応援したくなる夏!! 三代目JSB・山下健二郎が、久保田悠来、藤田 玲ら演じるゾンビーズにダンスを教える舞台「八王子ゾンビーズ」開幕!

“音楽×ダンス×ゾンビ”をテーマにした完全オリジナル舞台「八王子ゾンビーズ」が、8月5日(日)に東京・TBS赤坂ACTシアターにて開幕した。三代目J Soul Brothersのメンバーであり、映画、ドラマ、情報番組のパーソナリティーと幅広く活躍する山下健二郎の初主演舞台となる本作は、脚本・演出を、人気放送作家の鈴木おさむが務めている。陽気でイケメンなゾンビたちを従えて、袈裟姿の山下が踊りまくるエンタメ・ステージ! 初日会見のコメントと合わせて、ゲネプロの模様をレポートする。

取材・文・撮影 / 片桐ユウ

「この夏、みんなと“青春”を感じられてめちゃくちゃ楽しかった」

劇場ロビーにて行われた初日会見にて、鈴木おさむが「売れている人の共通点ですが、山下健二郎くんには“根性”がある。わからないところに入るのって怖いはずなのに、そこに対して突っ込んでくる勇気と根性。
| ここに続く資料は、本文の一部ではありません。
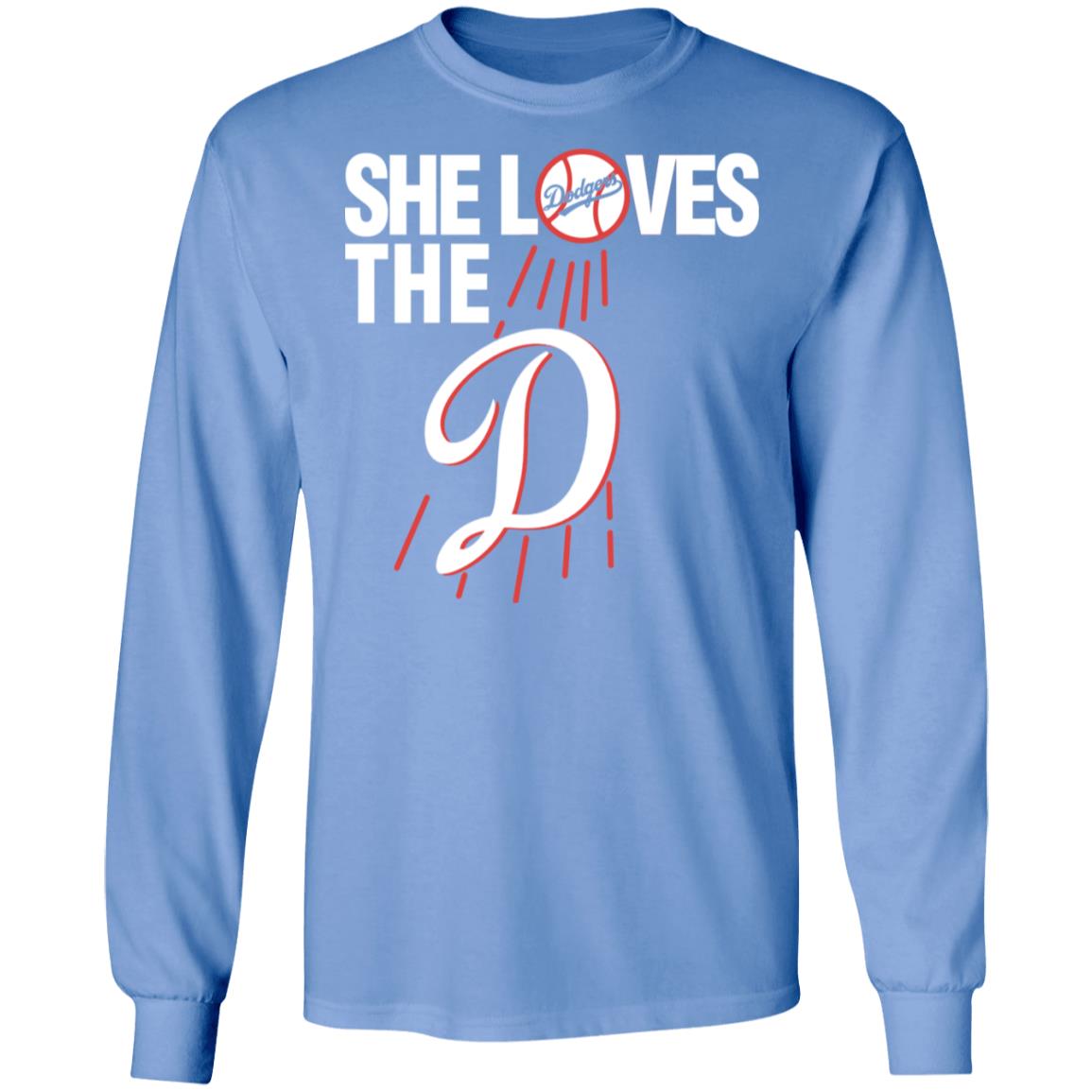 Baseball She Loves The D Los Angeles T-Shirt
そして本人の口から聞いたことはないけれど、“三代目J Soul Brothers”の看板を背負って戦っている感がハンパなかった。座長として戦っている姿がすごくカッコよかった!」と絶賛した、山下健二郎の初主演作品。

山下自身も「この夏、みんなと“青春”を感じられてめちゃくちゃ楽しかったです。稽古場から隅田川花火大会を眺めたり、稽古後にみんなでご飯に行ったりしていました。全員でつくり上げた感覚があるので、それを舞台でも発揮できたら。歌も踊りも感動する部分もあり、全部のエンタメがこの舞台に詰まっている。年齢関係なく多くのお客様に楽しんでいただけると思います!」と手応えを語った舞台「八王子ゾンビーズ」が、ついに初日を迎えた。

山下が演じるのは、ダンサーになることを夢見て、長年レッスンとオーディションに明け暮れてきた青年・羽吹 隆(はぶきたかし)。

舞台は、そんな隆の長い独白から始まる。幕前でオーディションの結果に怒りをぶちまける隆のセリフは、ダンサーを生業とする山下が発しているためか、不思議なリアリティを感じさせる。

演じる役者と役を重ねた“隠しネタ”とも言えるセリフや、時事ネタを豊富に入れ込んだ脚本が鈴木おさむらしい。

そして幕が開くと、舞台の上手と下手には墓石と卒塔婆、五輪塔、お地蔵様が並び、中央には小さな寺の本堂が見える。ダンサーになる夢が破れ、彼女にもフラれた隆は、“自分探し”の謳い文句に惹かれて、八王子の山奥にある“希望寺”を訪れたのだった。

寺の住職・孔明(こうめい)を演じるのは駿河太郎。明朗なセリフ回しが心地よく、だが善人そうな笑顔の裏に、絶妙なうさんくささが漂う。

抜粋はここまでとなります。